Last June, Antonio Radić, the host of a YouTube chess channel with over a million subscribers, was broadcasting live an interview with the grandmaster Hikaru Nakamura when the broadcast suddenly cut off.
Instead of a heated discussion of chess openings, famous games, and iconic players, viewers were told RadicVideo in the video has been removed due to its “harmful and dangerous” content. Radić saw a message stating that the video, which contained nothing more outrageous than a discussion of the Indian defense of the king, had violated the YouTube community policy. He stayed offline for 24 hours.
What happened is still unclear. YouTube declined to comment beyond saying that deleting Radić’s video was a mistake. But a new study suggests it reflects shortcomings in artificial intelligence programs designed to automatically detect hate speech, abuse and misinformation online.
Ashique KhudaBukhsh, a scientist on the AI project at Carnegie Mellon University and a serious chess player himself, wondered if YouTube’s algorithm could have been confused by discussions involving black and white pieces, attacks and tusks.
So he and Rupak sarkar, engineer at CMU, designed an experiment. They formed two versions of a language model called BERT, one using posts from the racist far-right website Stormy front and the other using data from Twitter. They then tested the algorithms on the text and comments of 8,818 chess videos and found them far from perfect. Algorithms flagged around 1% of transcripts or comments as hate speech. But over 80% of those reported were false positives – read in context, the language was not racist. “Without a human in the loop,” both men say in their article, “trusting the predictions of standard classifiers on chess discussions can be misleading.”
The experiment revealed a major problem for AI language programs. Detecting hate speech or abuse isn’t just about catching wrongs words and phrases. The same words can have very different meanings in different contexts, so an algorithm must infer a meaning from a string of words.
“Basically the language is still a very subtle thing”, says Tom mitchell, CMU professor who previously worked with KhudaBukhsh. “These types of trained classifiers won’t be 100% accurate any time soon.”

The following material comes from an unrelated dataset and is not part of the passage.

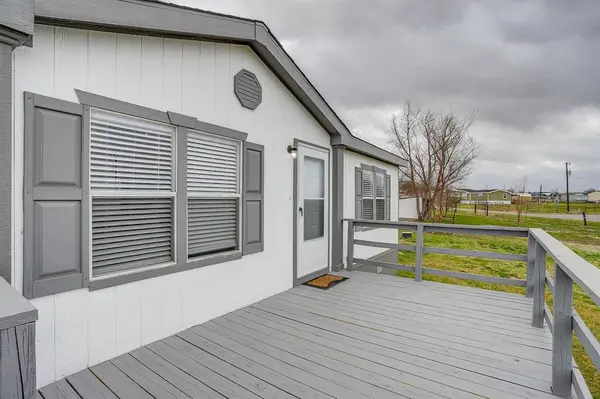 143 Carter Hills Lane, Weatherford, TX 76085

Yejin Choi, an associate professor at the University of Washington specializing in AI and language, says she is “not at all” surprised by YouTube’s withdrawal, given the limits of understanding languages today. Choi says further progress in detecting hate speech will require big investments and new approaches. She says algorithms work best when they analyze more than just a piece of text in isolation, incorporating, for example, a user’s comment history or the nature of the channel the comments are posted to.
But Choi’s research also shows how detecting hate speech can perpetuate stigma. In one Study 2019, she and others found that human annotators were more likely to label Twitter posts from users who identify as African-American as abusive, and that algorithms trained to identify abuse using these annotations. will repeat these prejudices.
Companies have spent millions of dollars collecting and annotating training data for self-driving cars, but Choi says the same effort was not made in annotation language. So far, no one has collected and annotated a high-quality hate speech or abuse dataset that includes many “extreme cases” with ambiguous language. “If we invest that level in data collection – or even a small fraction of it – I’m sure AI can do a lot better,” she says.
Mitchell, Professor CMU, says YouTube and other platforms probably have more sophisticated AI algorithms than the one built by KhudaBukhsh; but even these are still limited.